Pochazia shantungensis is a species of planthopper in the family Ricaniidae. Another scientific name for it is Ricania shantungensis, more commonly known as the brown winged cicada This species is considered an agricultural and forestry pest (M.A. Rahman et al., 2012). It is mainly found along the roadsides in the Zhejiang Province. Also found in orchards in the Shantung province.  It has recently been classified as an invasive species within western parts of Korean and Turkey.

Characteristics
The body length of P. shantungensis can vary depending on gender. Males typically exhibit a body length from vertex to tip of genitalia of 7.5 - 7.8 mm. They also exhibit a 14.0 - 14.4 mm body length from vertex to the tip of the forewings. Females are bigger and exhibit a body length from vertex to tip of genitalia of 8.3 - 8.8 mm. From the vertex to the tip of the forewings is 15.0 - 15.3 mm. The coloration of these insects range from dark brown to black. Their vertex, frons, clypeus, rostrum, and eyes are often brown to dark brown. The pronotum and mesonotum are black along with the thorax. The forewings are dark brown but have an elliptical white spot around the costal margin. It is roughly two-thirds from the base. The posterior margin of the abdomen segments are yellow.

These planthoppers lay their eggs in a zigzag pattern. They are then covered with white wax filaments. These eggs are often found within trees regardless of height or direction of the branch.

Geographical range
Commonly found within the Zhejiang Province in China. It is also commonly found within the Shandong province of China, in the eastern coastal regions. However, they are only listed as a pest within Zhejiang Province. This species has been reported as an invasive species in the coastal areas of Southern Korea starting in 2010. These areas are similar in annual temperature and precipitation.

First detected in European Turkey and Southern France in 2018, and was later detected across the Bosphorus on the Asian side of Istanbul.

Habitat
P.  shantungensis can live in various types of landscapes such as cities, orchards, agricultural fields, and forests. Pochazia  shantungensis is found to favor higher density in mountain regions and valleys.

Invasive species
The species has recently been labeled as an invasive species as it has moved from its usual habitat in China to locations such as Turkey and Korea. Some common hosts are apple, blueberry, Korean black raspberry, Schisandra chinensis, lacquer tree, Aralia elata, jujube, apple, Cedrela sinensis, chestnut, magnolia, quince, plum and acacia. Other common hosts in Korea: Malus pumila, Diospyros kaki, Zelkova serrata,  Aralia elata, Styrax japonicus, Salix gracilistyla, Broussonetia kazinoki, Albizia julibrissin, Ailanthus altissima, Chaenomeles sinensis, Rubus crataegifolius, Castanea crenata, and Robinia pseudoacacia.

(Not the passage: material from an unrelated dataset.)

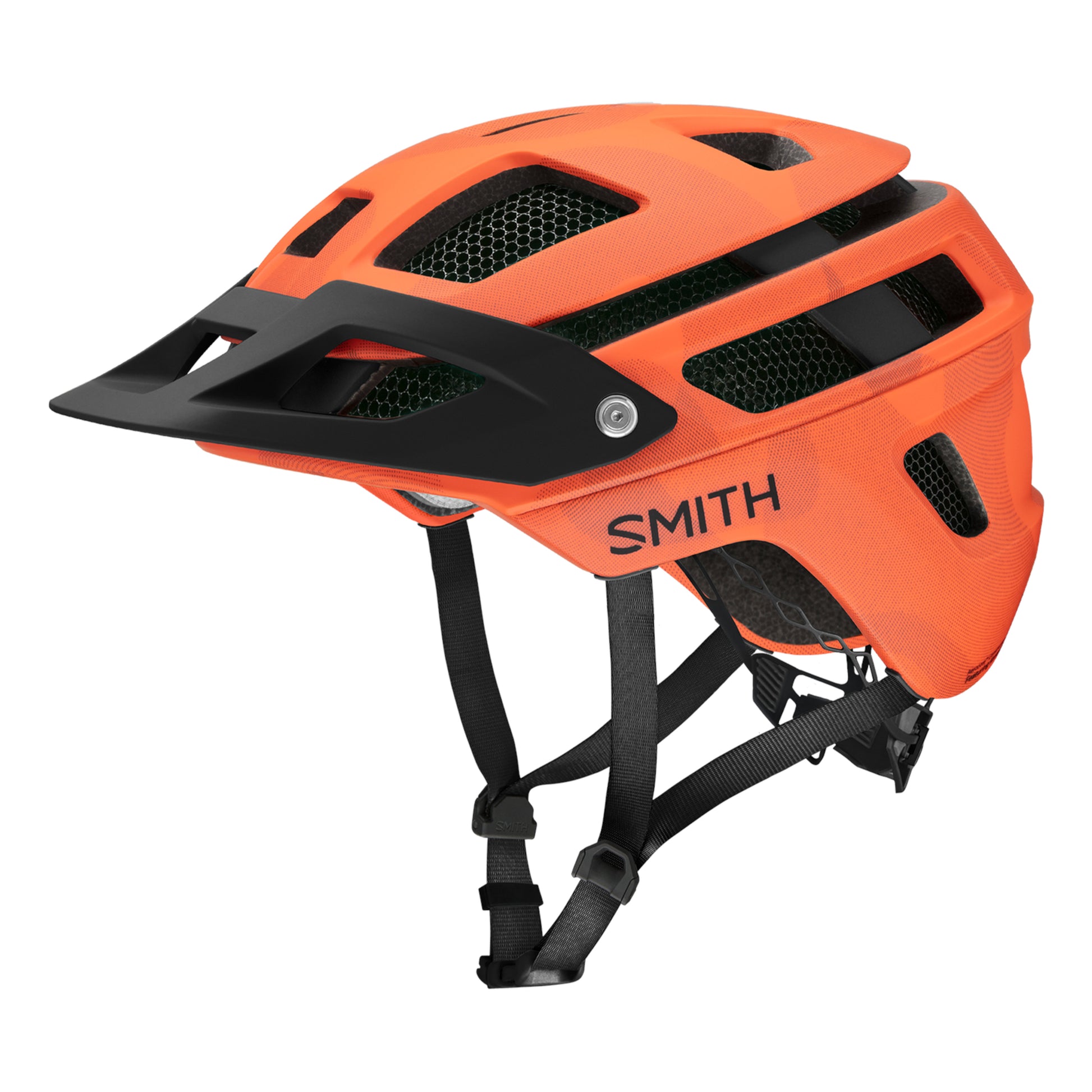 Smith Optics Forefront MIPS MTB Trail Helmet Matte Cinder Haze side view on Fly Rides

In the Kurye, Jeonnam area the damage occurred on fruit trees, such as Cornus, persimmon, and chestnut. It seems to mainly affect fruit bearing trees/bushes. In an experiment studying the outbreak, the species preferred Cornus officinalis, Diospyros kaki, Castanea crenata, Eucommia ulmoides, and Styrax japonicus to lay their eggs. The eggs were laid on the inner twigs of the trees and each egg-mass had an average of 28 eggs. This is one of the ways that Pochazia can damage the trees. The eggs suck the nutrients out of the trees and cause a sooty mold.

Damage
Pochazia  shantungensis has been classified as an invasive species because it has been affecting agricultural farms. The species causes damage to common agricultural plants such as apples and blueberries. As mentioned previously, it causes damage by sucking the nutrients out of the trees that it lays its egg. This indirectly causes the sooty mold disease found commonly on these plants. These eggs hatch around mid may to early June with the spawning season occurring in mid August.

Control/mitigation
Mitigation depends on how the farm/region wants to pursue the process of removing this species. One study found that there are environmentally friendly materials that can be used to control both the nymph and adult Ricana with a mortality rate of above 80%. The use of sophora and natural plant extracts can help alleviate this problem.

Another mitigation solution involves using yellow-colored sticky traps. The sticky trap made it possible to safely remove the eggs during spawning season. The traps should be placed around common locations for oviposition depending on the farm and plant. It also deters the Ricania shantungensis from laying eggs there again, as the eggs don't survive.